DATA EXCERPT —
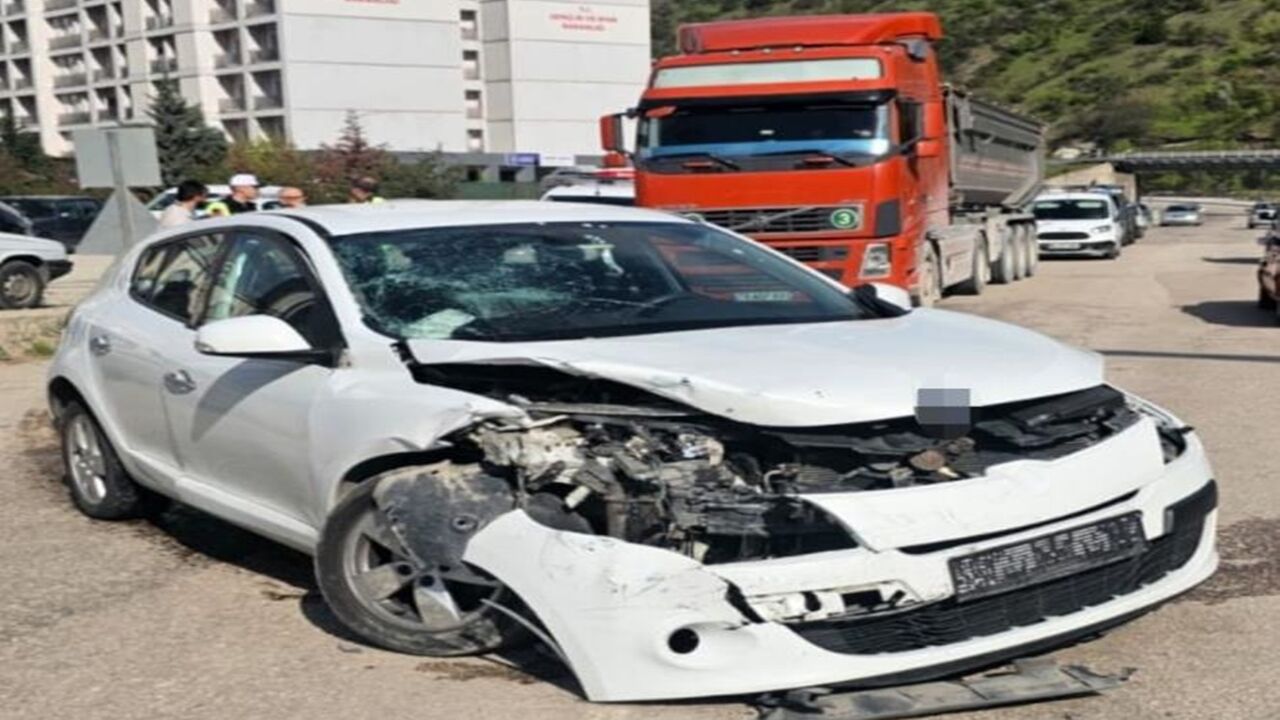 Karabük Kaza Yaralılar Var Otomobil (2)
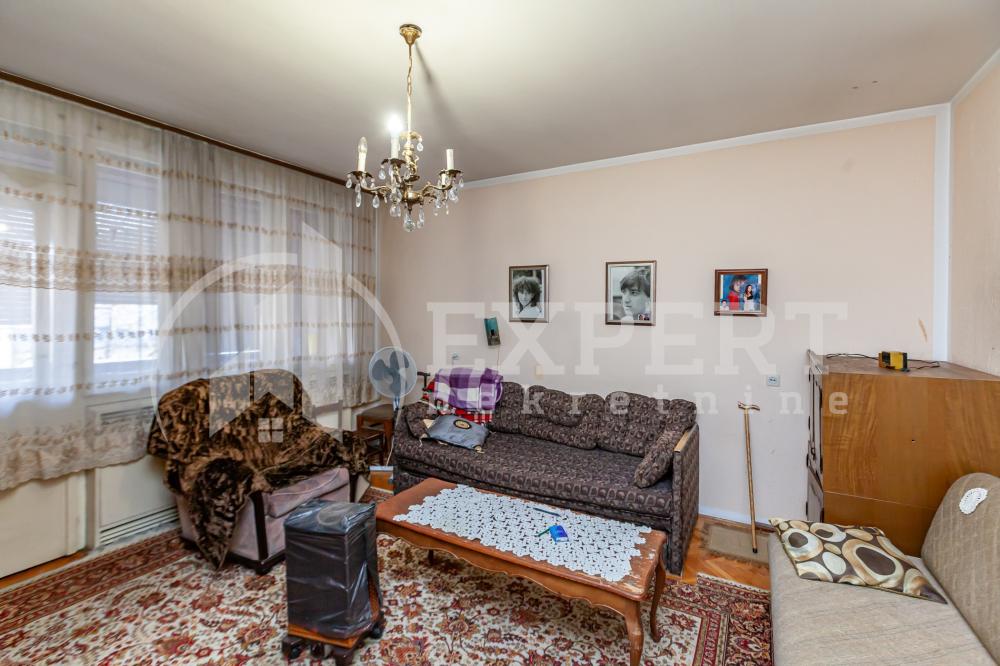 Slika 4 - Sinđelićev trg, Trosoban stan na prodaju, 66m2, 132.000€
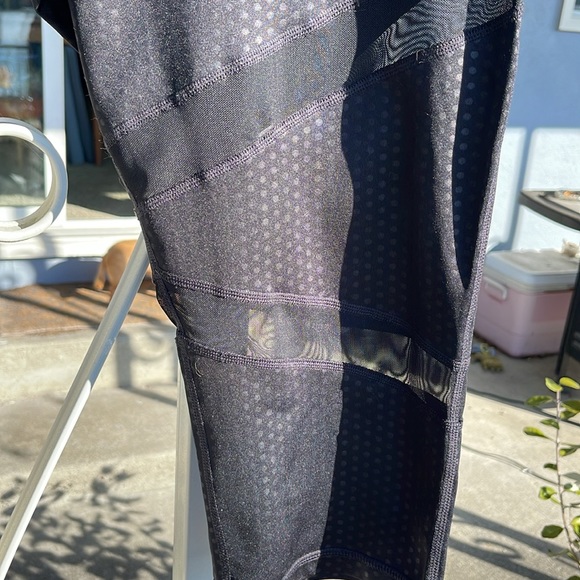 Black Ideology capri stretch leggings - Picture 4 of 4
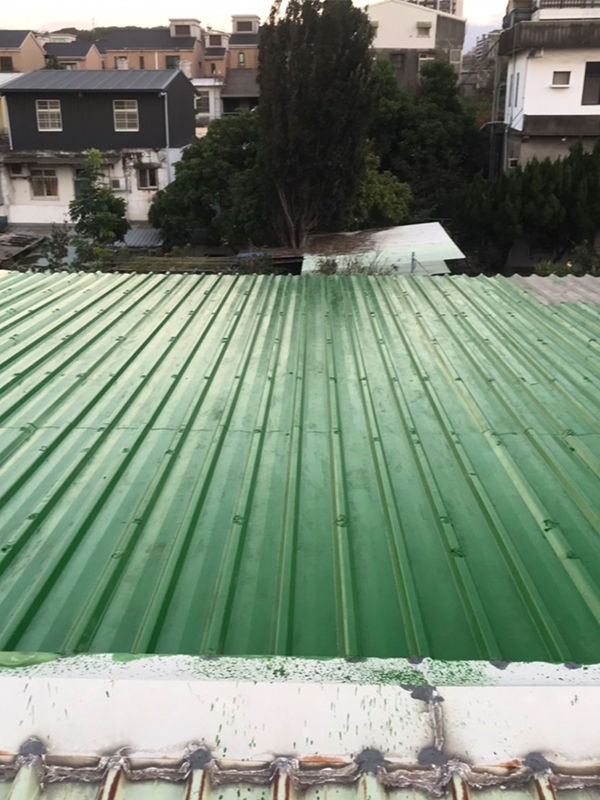 舊的屋頂鐵皮整修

PROBLEM REQUIREMENTS — All that is needed is the lines from the line holding "Slika 4 - Sinđelićev" to the final line of the listing above, repeated exactly, pictures excluded.

EXERCISE RESULT —
 Slika 4 - Sinđelićev trg, Trosoban stan na prodaju, 66m2, 132.000€
 Black Ideology capri stretch leggings - Picture 4 of 4
 舊的屋頂鐵皮整修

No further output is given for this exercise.